▼
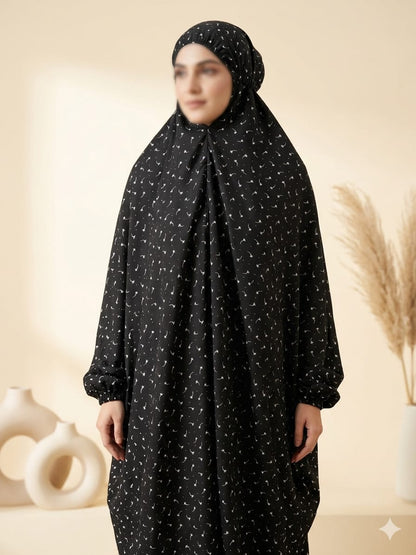 Parwaz Printed Namaz Chaddar – Black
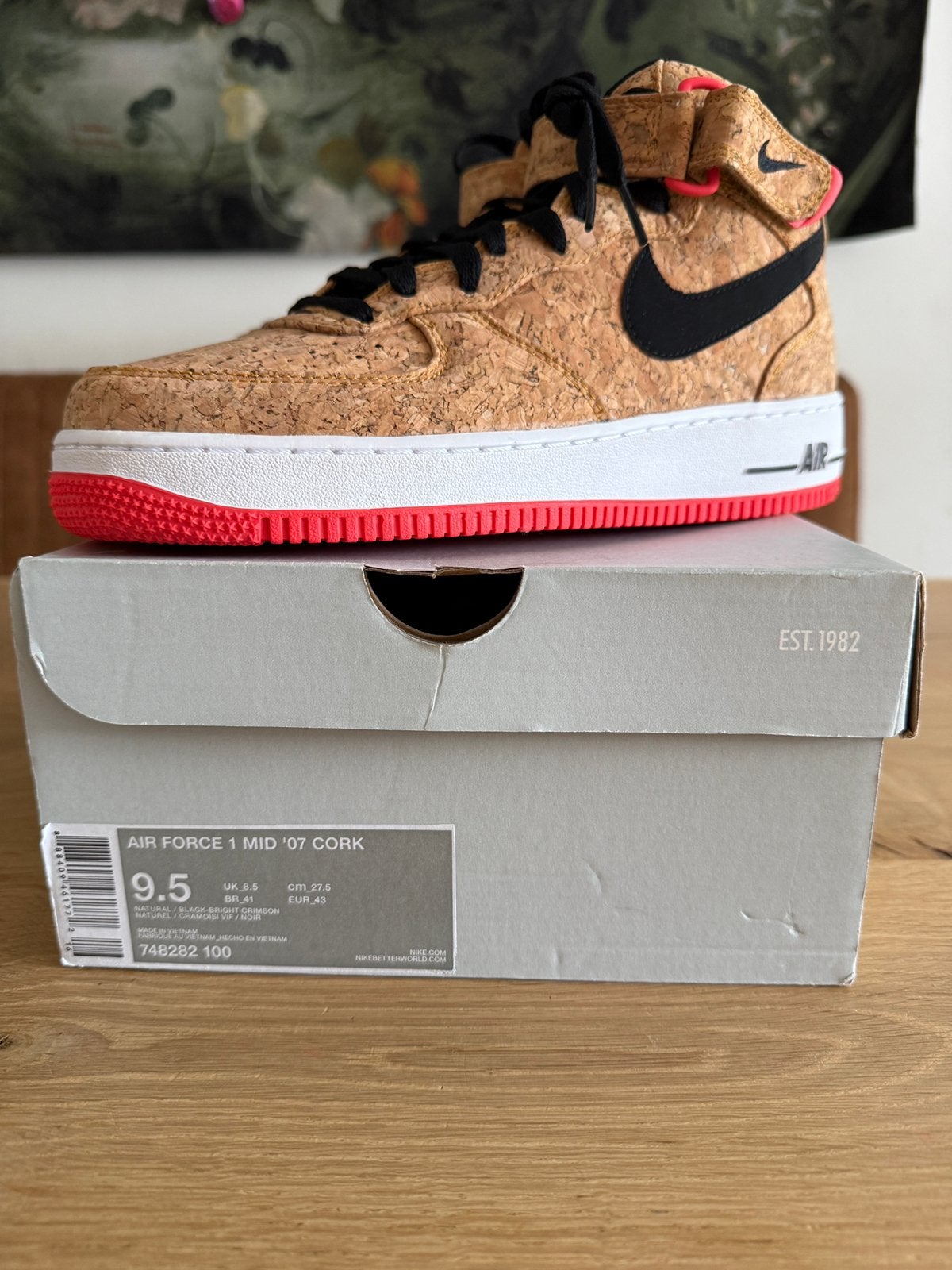 Nike Air Force 1 Mid '07 "Cork" - (DS), Ophalen, Nieuw, Schoenen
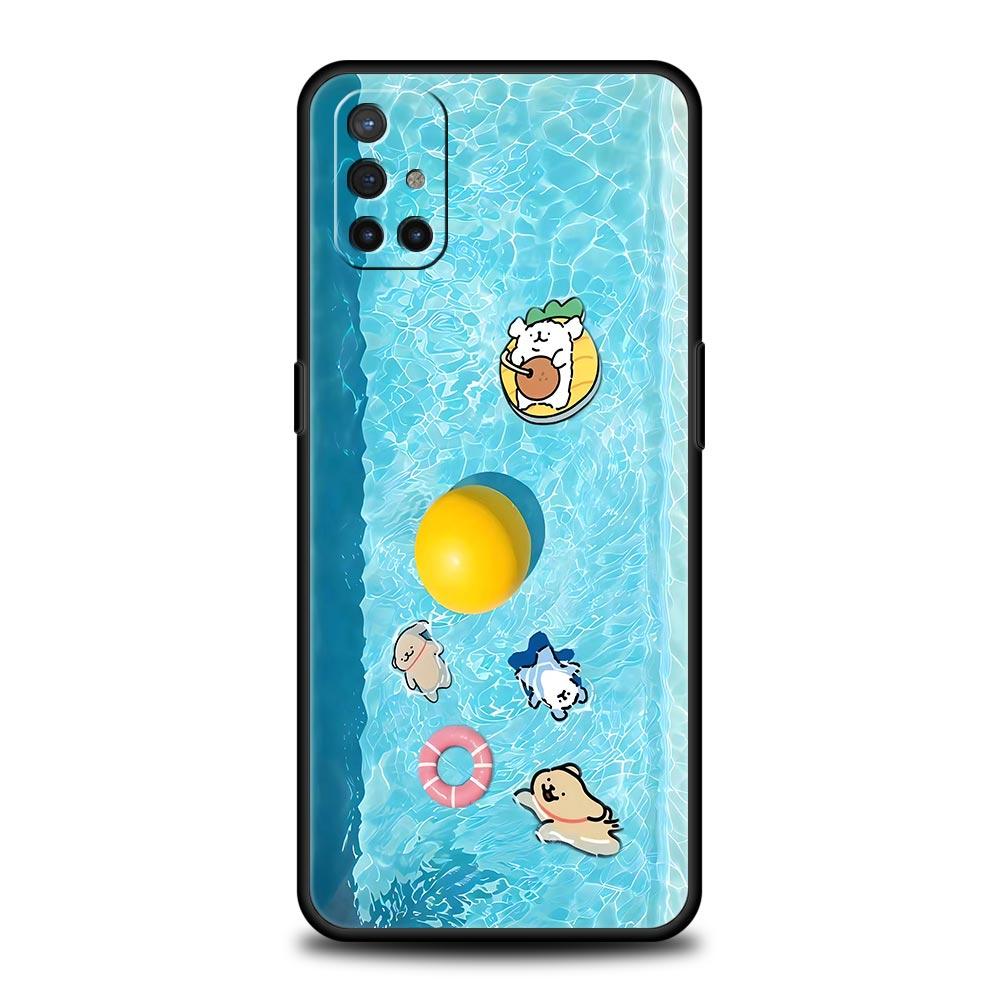 Pool Party Cute Puppy Dog Case For OnePlus 15 13 12 11 10 9 8 15T 13T 10T 7T Pro 13R 12R 9RT 8T Nord 4 N10 2T CE 2 3 5G Cover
▲
Only the lines from the line with "Nike Air Force" through the closing line of the data, both included, should be set down, exactly as written and without pictures.

RESPONSE TO THE EXERCISE:
 Nike Air Force 1 Mid '07 "Cork" - (DS), Ophalen, Nieuw, Schoenen
 Pool Party Cute Puppy Dog Case For OnePlus 15 13 12 11 10 9 8 15T 13T 10T 7T Pro 13R 12R 9RT 8T Nord 4 N10 2T CE 2 3 5G Cover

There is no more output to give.